= YOUR INSTRUCTIONS =
There are pictures in the records below; leave them out and set down exactly the lines from the one holding "Foto - Wohnung" through the one holding "Vtg Gold Filled".

= DATA EXTRACT =
Start of Block

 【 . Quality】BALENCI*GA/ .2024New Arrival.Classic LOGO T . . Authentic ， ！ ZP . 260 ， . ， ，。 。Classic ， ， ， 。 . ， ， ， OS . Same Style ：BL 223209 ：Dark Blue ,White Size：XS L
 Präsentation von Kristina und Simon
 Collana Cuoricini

End of Block
Start of Block

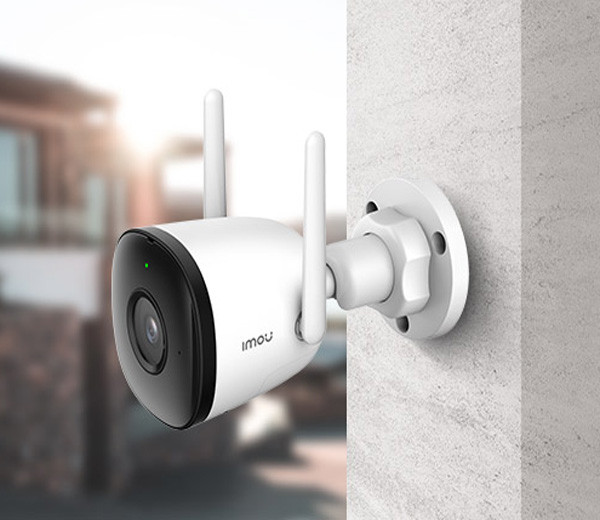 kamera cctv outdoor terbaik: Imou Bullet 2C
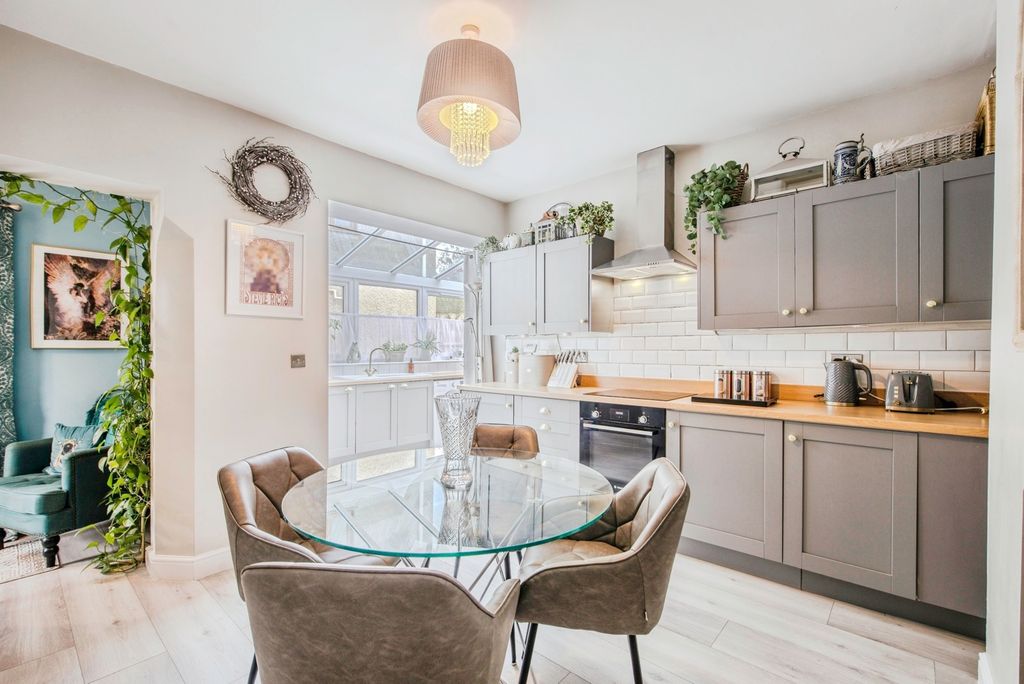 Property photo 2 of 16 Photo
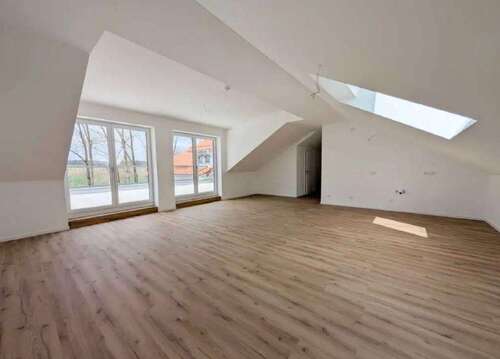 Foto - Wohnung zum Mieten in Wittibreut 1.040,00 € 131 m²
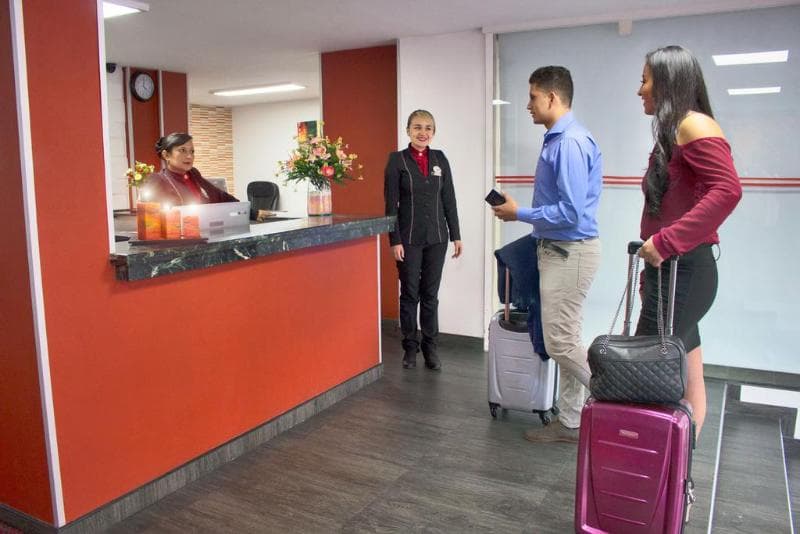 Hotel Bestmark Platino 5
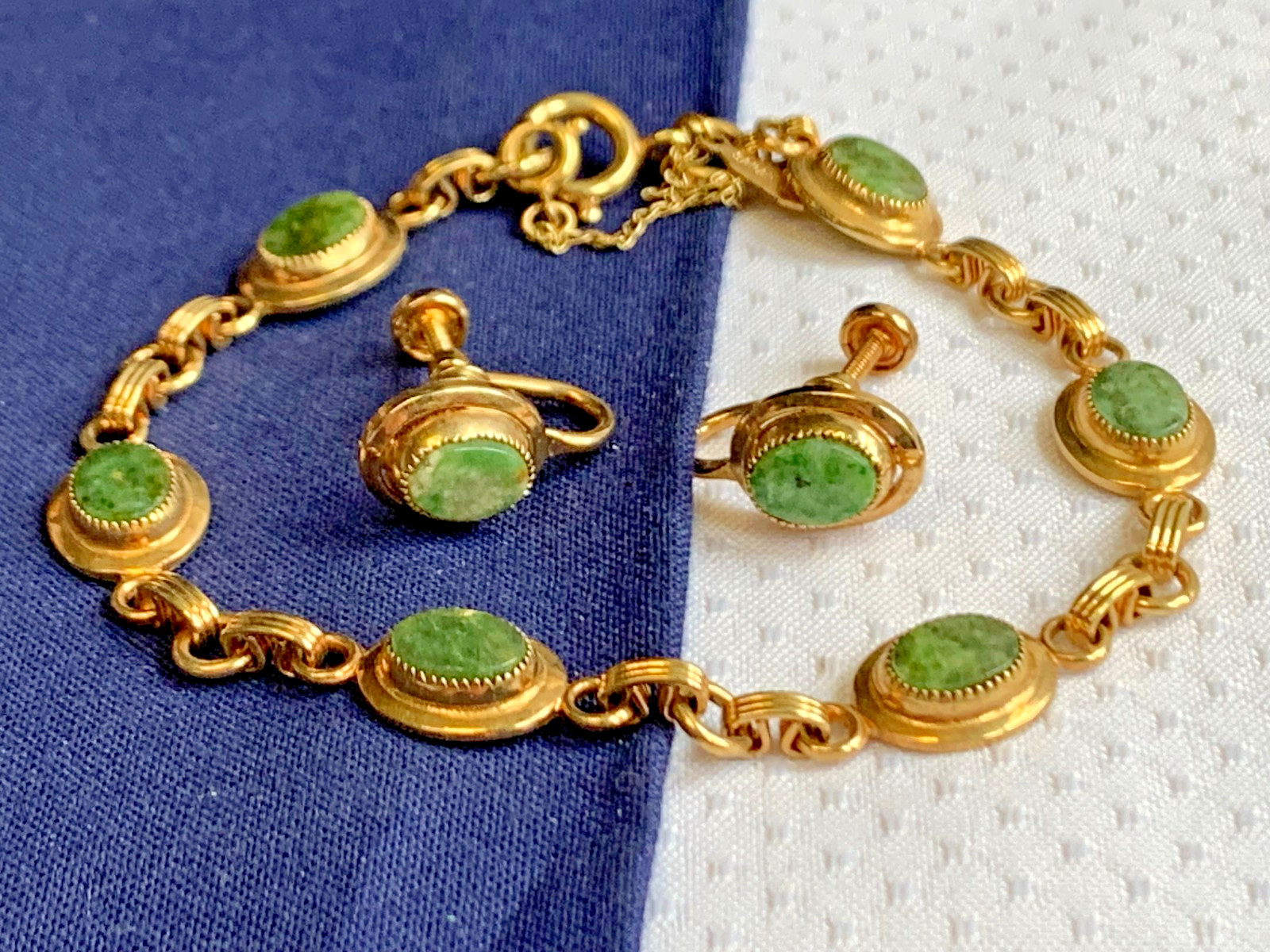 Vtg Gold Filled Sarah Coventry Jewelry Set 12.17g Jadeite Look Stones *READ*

End of Block

= TASK OUTPUT =
 Foto - Wohnung zum Mieten in Wittibreut 1.040,00 € 131 m²
 Hotel Bestmark Platino 5
 Vtg Gold Filled Sarah Coventry Jewelry Set 12.17g Jadeite Look Stones *READ*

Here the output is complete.